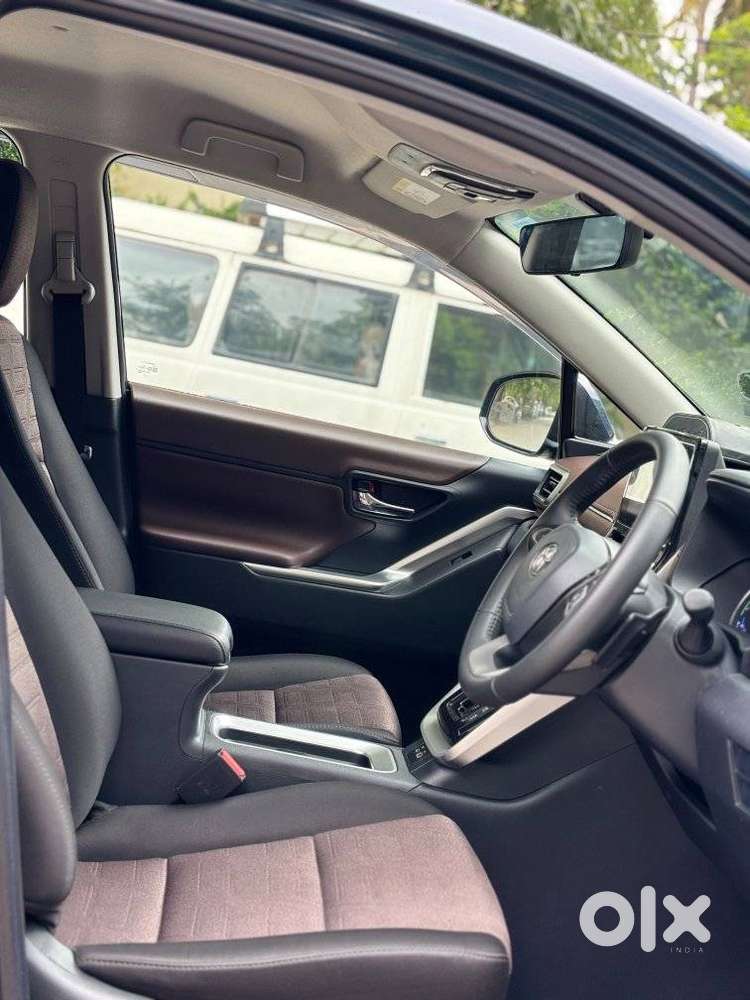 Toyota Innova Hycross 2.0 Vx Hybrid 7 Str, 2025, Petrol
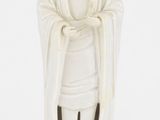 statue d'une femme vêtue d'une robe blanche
------------------------------------------------------------------------
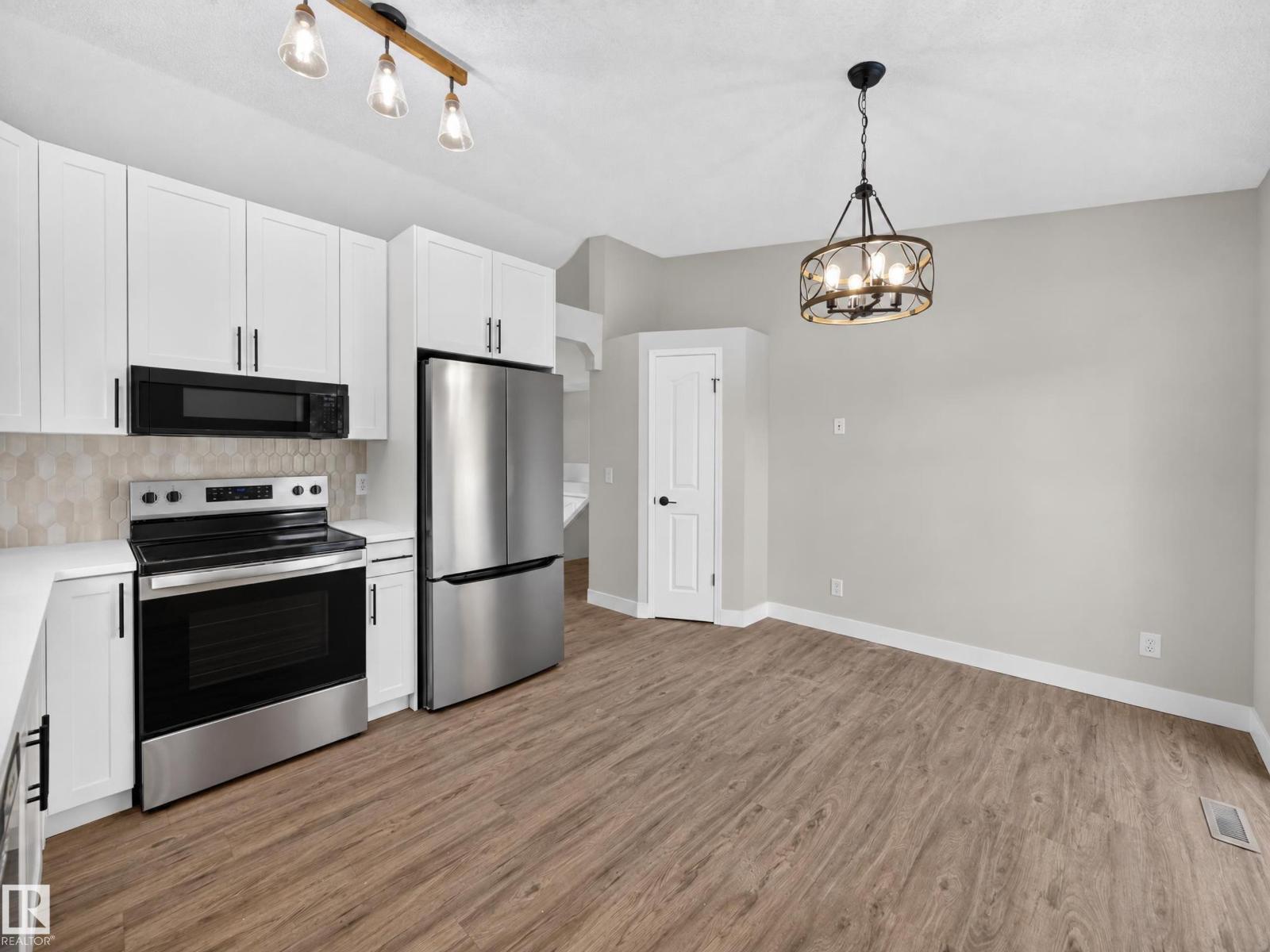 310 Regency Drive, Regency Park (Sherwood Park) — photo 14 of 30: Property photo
------------------------------------------------------------------------
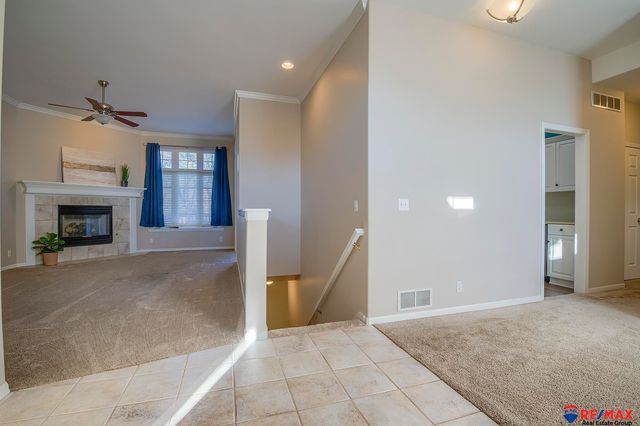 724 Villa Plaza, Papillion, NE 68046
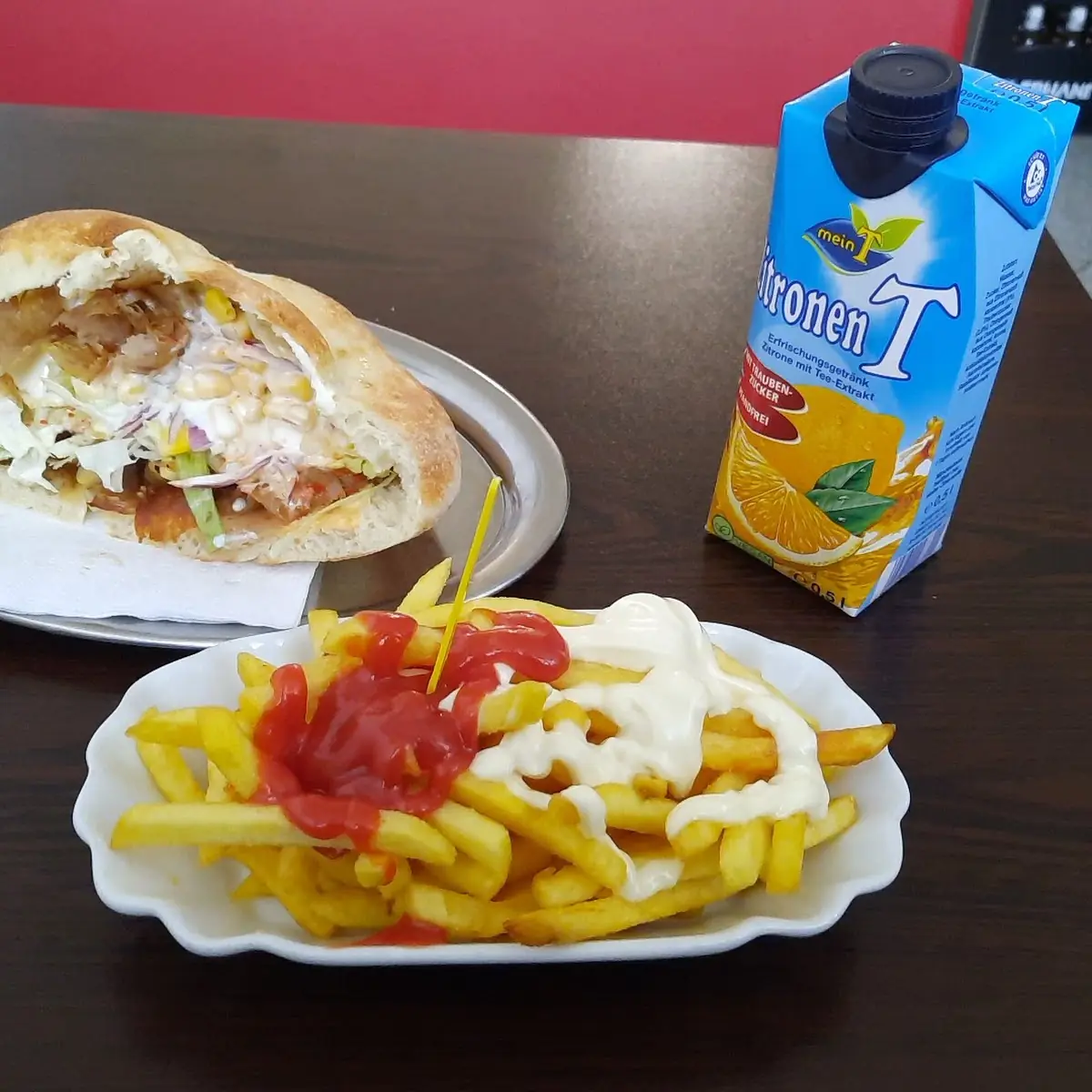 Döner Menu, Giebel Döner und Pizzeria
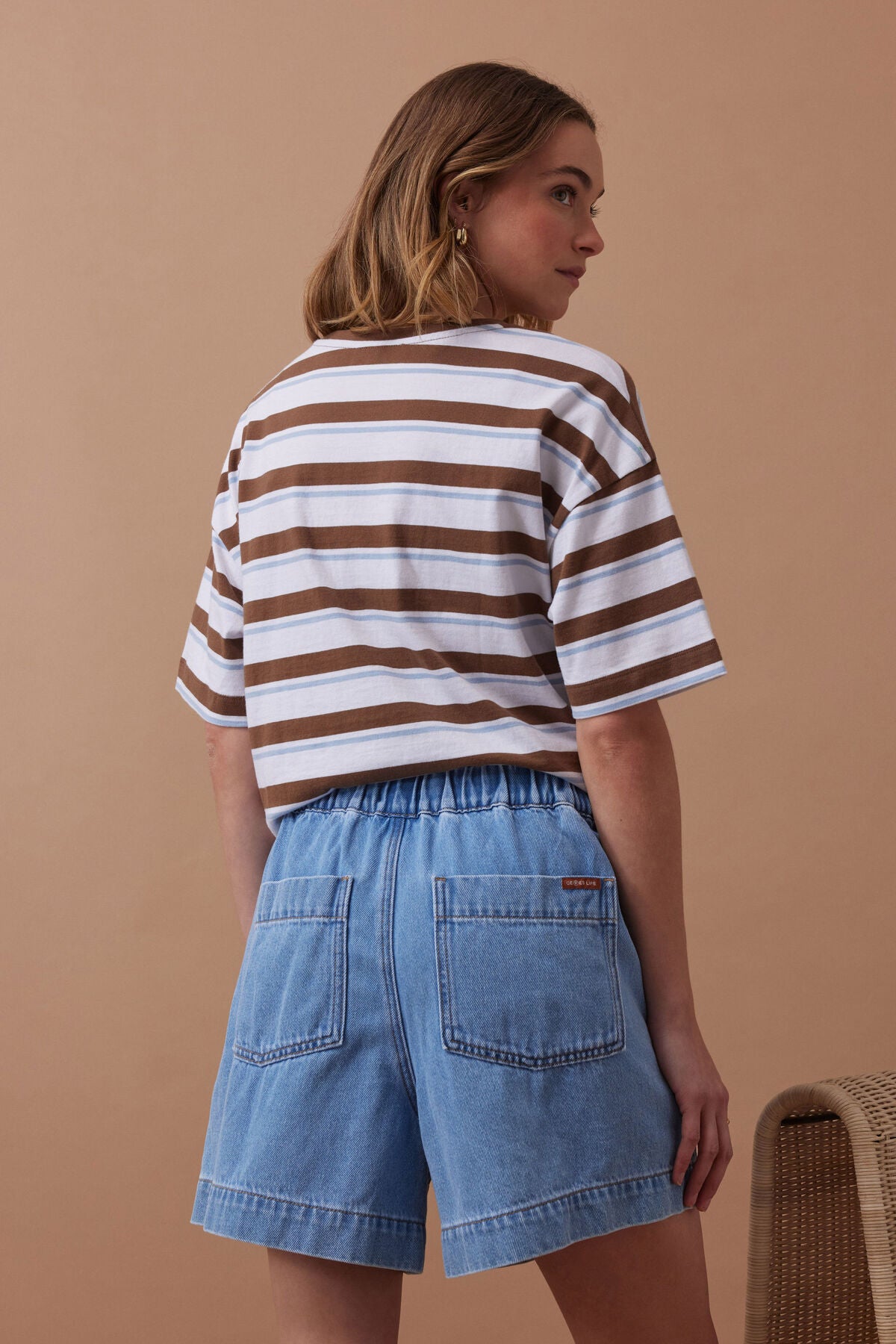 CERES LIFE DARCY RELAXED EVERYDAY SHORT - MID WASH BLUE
------------------------------------------------------------------------
▶ Task objective
Copy everything above from the line holding "Toyota Innova Hycross" down to the line holding "statue d'une femme vêtue d'une robe blanche", both ends included, exactly as it stands and without the pictures.

▶ Answer to this exercise
 Toyota Innova Hycross 2.0 Vx Hybrid 7 Str, 2025, Petrol
 statue d'une femme vêtue d'une robe blanche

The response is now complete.